| DATASET RECORDS |
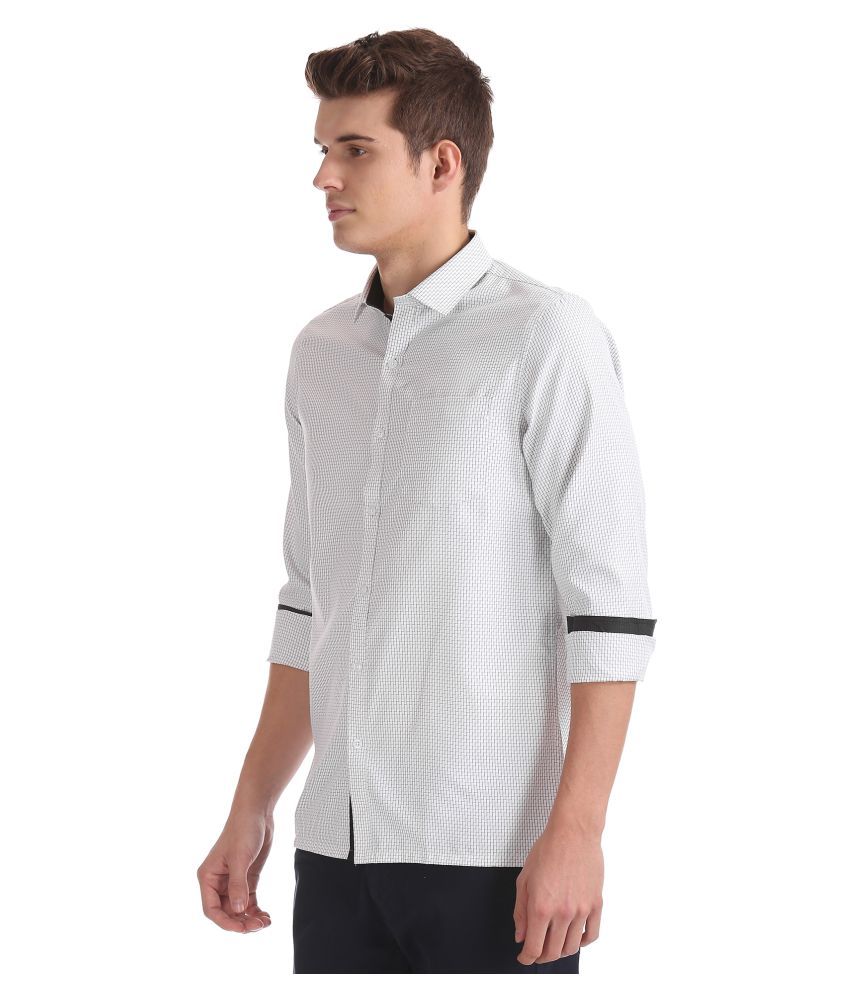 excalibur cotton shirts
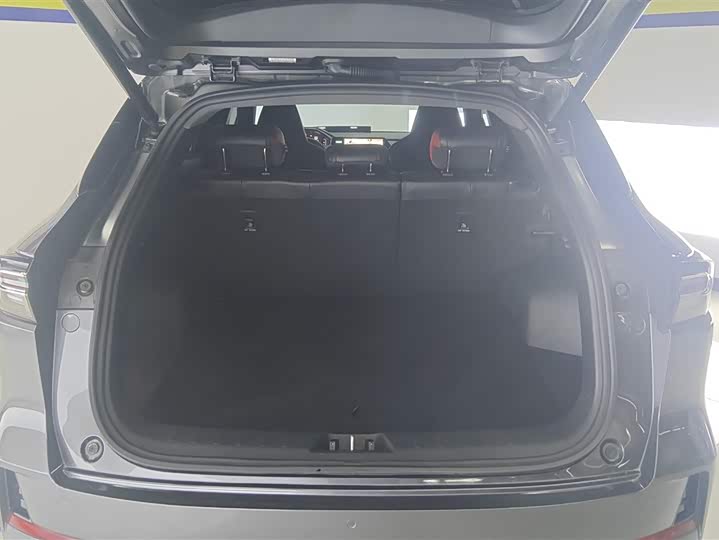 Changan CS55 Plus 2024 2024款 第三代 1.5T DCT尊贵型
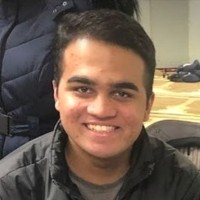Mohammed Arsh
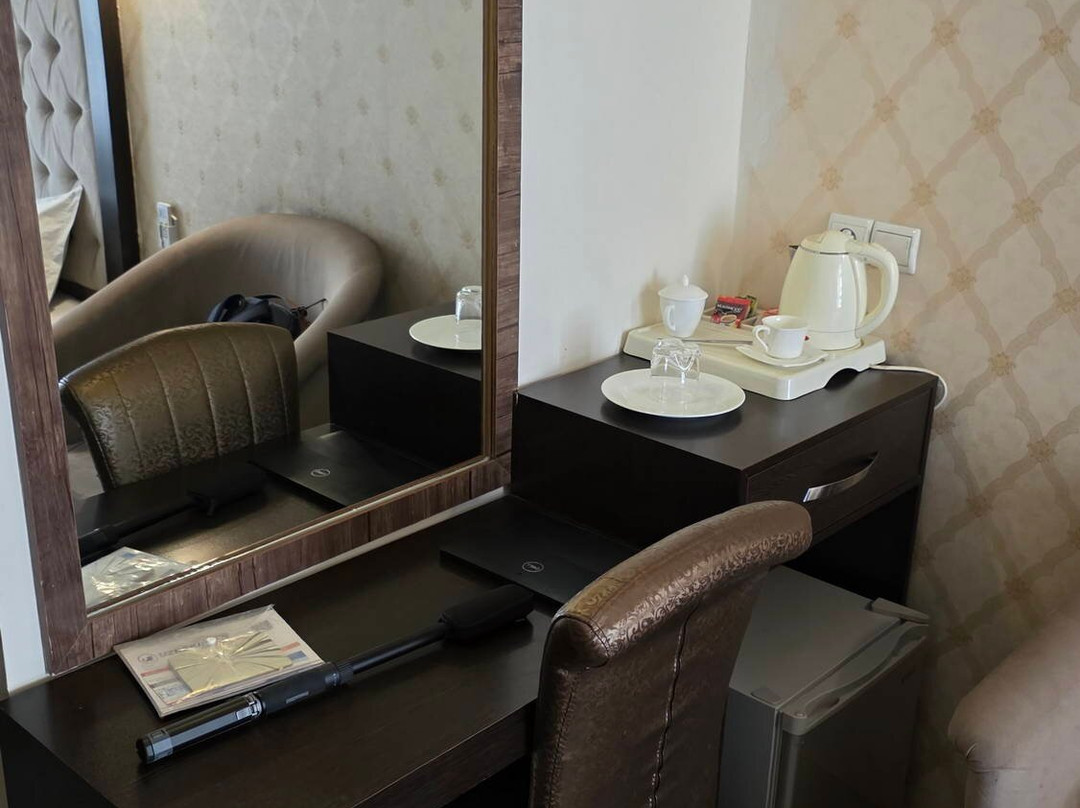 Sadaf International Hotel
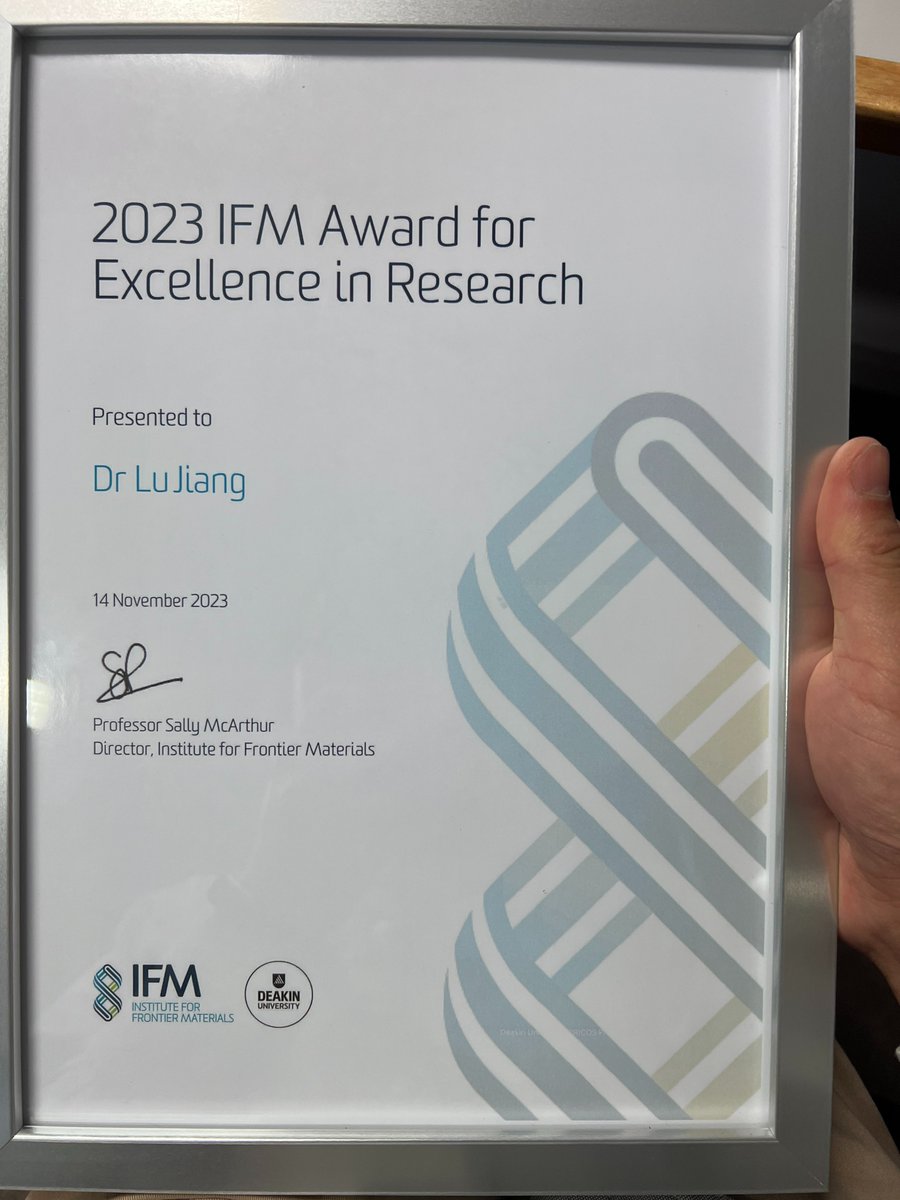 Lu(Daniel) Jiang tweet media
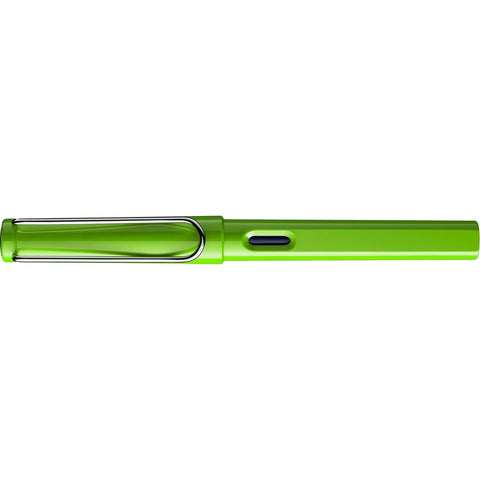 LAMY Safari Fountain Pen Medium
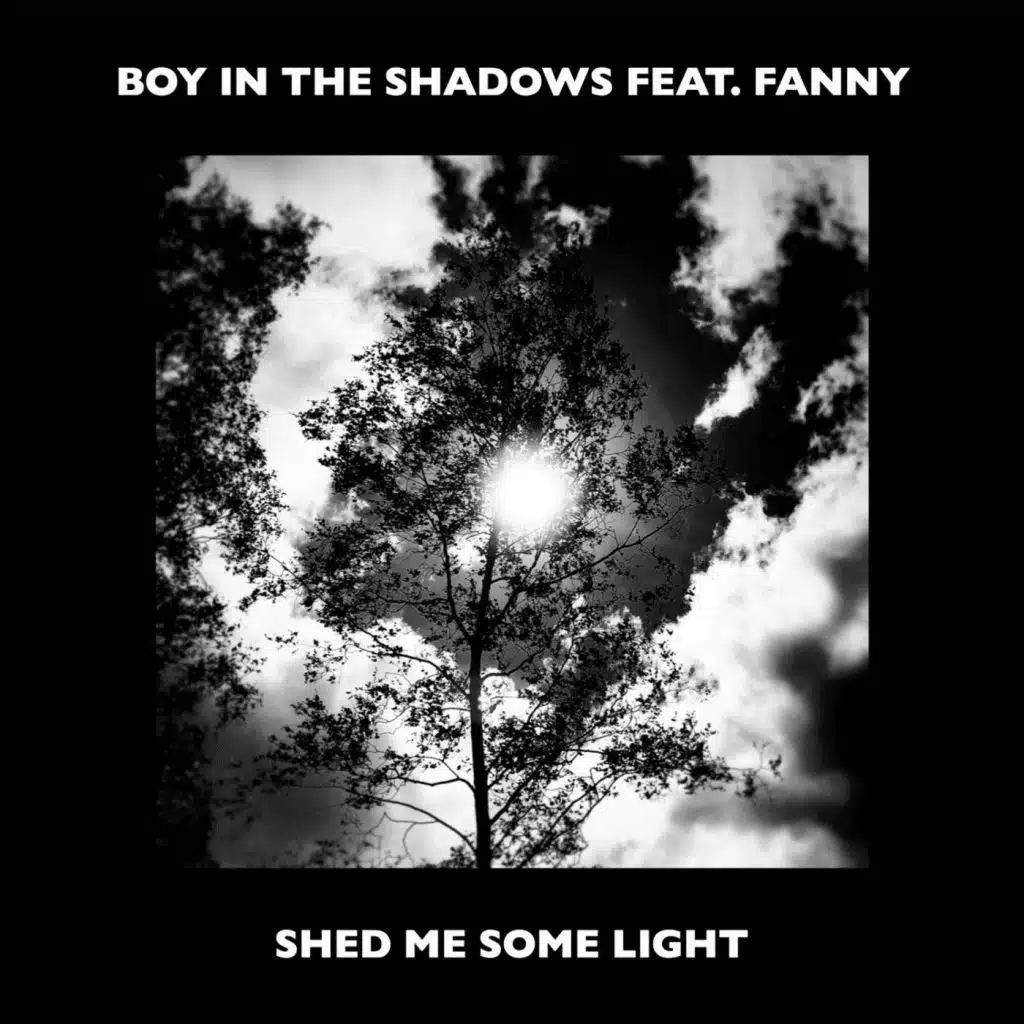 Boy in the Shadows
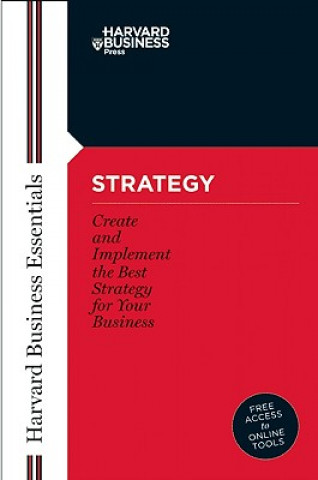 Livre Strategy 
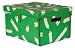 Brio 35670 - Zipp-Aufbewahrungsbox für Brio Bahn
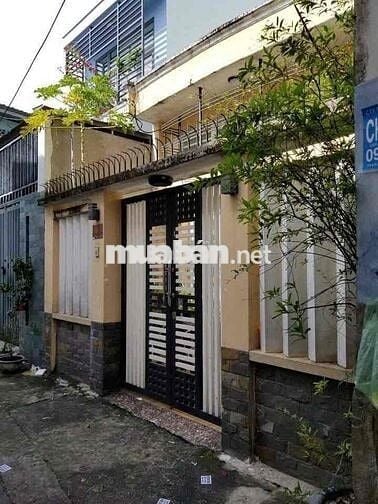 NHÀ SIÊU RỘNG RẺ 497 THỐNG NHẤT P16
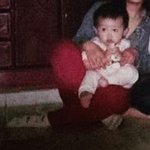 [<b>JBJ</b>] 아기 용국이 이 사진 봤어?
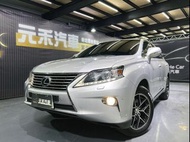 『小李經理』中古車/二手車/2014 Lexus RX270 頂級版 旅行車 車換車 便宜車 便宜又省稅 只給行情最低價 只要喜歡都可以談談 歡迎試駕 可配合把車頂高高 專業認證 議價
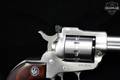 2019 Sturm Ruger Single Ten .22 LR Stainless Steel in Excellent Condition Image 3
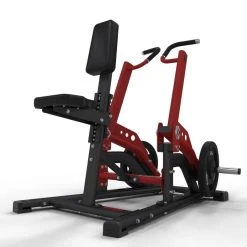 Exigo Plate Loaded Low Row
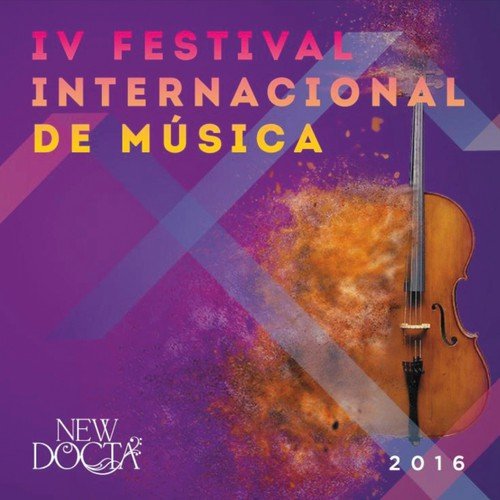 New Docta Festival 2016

| THE TASK |
With the pictures left out, write out exactly the lines above from the one containing "Livre Strategy" through the one containing "可配合把車頂高高 專業認證 議價".

| REPLY TO THE TASK |
 Livre Strategy 
 Brio 35670 - Zipp-Aufbewahrungsbox für Brio Bahn
 NHÀ SIÊU RỘNG RẺ 497 THỐNG NHẤT P16
 [<b>JBJ</b>] 아기 용국이 이 사진 봤어?
 『小李經理』中古車/二手車/2014 Lexus RX270 頂級版 旅行車 車換車 便宜車 便宜又省稅 只給行情最低價 只要喜歡都可以談談 歡迎試駕 可配合把車頂高高 專業認證 議價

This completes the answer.